La professeure Craft dirige ce projet avec le concours d’une équipe de collaboratrices et collaborateurs de renom, dont les professeures Deborah McGregor (Université de Calgary) et Susan Chiblow (Université de Guelph), l’artiste et chercheuse KC Adams, Alexis Kanu (Fondation du lac Winnipeg), Daniel Kanu (Lake Winnipeg Indigenous Collective), la professeure Sherry Copenace (Université du Manitoba) et Jaimie Isaac (Centre de recherche sur les droits de la personne – Université du Manitoba). 
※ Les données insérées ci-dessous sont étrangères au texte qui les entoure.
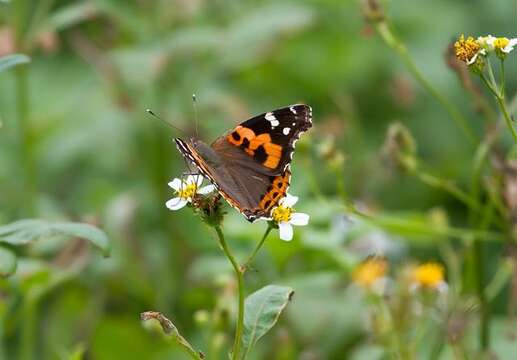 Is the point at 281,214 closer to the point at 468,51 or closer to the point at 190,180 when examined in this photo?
the point at 190,180

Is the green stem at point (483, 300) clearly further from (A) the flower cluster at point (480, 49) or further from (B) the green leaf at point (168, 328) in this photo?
(B) the green leaf at point (168, 328)

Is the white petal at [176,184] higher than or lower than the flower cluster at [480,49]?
lower

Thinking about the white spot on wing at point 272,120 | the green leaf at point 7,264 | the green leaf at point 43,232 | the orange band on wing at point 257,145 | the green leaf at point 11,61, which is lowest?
the green leaf at point 7,264

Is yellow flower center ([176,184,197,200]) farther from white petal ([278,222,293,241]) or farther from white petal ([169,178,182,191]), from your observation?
white petal ([278,222,293,241])

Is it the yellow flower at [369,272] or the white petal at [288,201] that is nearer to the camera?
the white petal at [288,201]

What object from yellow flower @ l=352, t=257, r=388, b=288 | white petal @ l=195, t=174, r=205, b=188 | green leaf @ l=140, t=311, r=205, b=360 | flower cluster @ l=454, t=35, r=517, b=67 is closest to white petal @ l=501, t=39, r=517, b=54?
flower cluster @ l=454, t=35, r=517, b=67

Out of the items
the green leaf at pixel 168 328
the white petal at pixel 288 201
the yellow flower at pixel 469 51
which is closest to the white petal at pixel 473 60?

Le projet bénéficie de l’appui d’un vaste réseau de partenaires comprenant le First Nations Health and Social Secretariat du Manitoba, les services administratifs du Grand conseil du Traité no 3, la Fondation du lac Winnipeg et le Lake Winnipeg Indigenous Collective.

S’appuyant sur des relations de longue date entre les communautés autochtones, les organismes partenaires et le milieu de la recherche, cette initiative vise non seulement à répondre aux défis environnementaux pressants auxquels est confronté le bassin versant du lac Winnipeg, mais aussi à faire progresser les réflexions sur la gouvernance autochtone, l’élaboration de traités et l’intendance environnementale. Le cadre qui en découlera pourrait éventuellement servir de modèle pour la gouvernance des bassins versants ailleurs au Canada et dans le monde.
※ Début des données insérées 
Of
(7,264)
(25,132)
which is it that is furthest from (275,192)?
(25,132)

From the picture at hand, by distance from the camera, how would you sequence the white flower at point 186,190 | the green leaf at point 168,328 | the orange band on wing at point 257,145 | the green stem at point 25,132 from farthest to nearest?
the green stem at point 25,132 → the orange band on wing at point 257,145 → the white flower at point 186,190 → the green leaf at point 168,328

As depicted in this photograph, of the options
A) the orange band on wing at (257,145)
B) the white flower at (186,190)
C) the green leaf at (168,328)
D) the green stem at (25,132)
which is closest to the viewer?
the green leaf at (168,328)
Les subventions de développement de partenariat du CRSH appuient la mise en place de partenariats novateurs qui favorisent l’avancement de la recherche, la mobilisation des connaissances et les retombées sociales. Grâce à ce projet, la professeure Craft et son équipe contribuent à repenser la manière dont le droit, la gouvernance et les savoirs autochtones peuvent se conjuguer dans l’objectif de protéger l’un des plus importants écosystèmes d’eau douce du Canada.

La Faculté de droit félicite la professeure Craft et ses partenaires de recherche pour le lancement de cette grande initiative!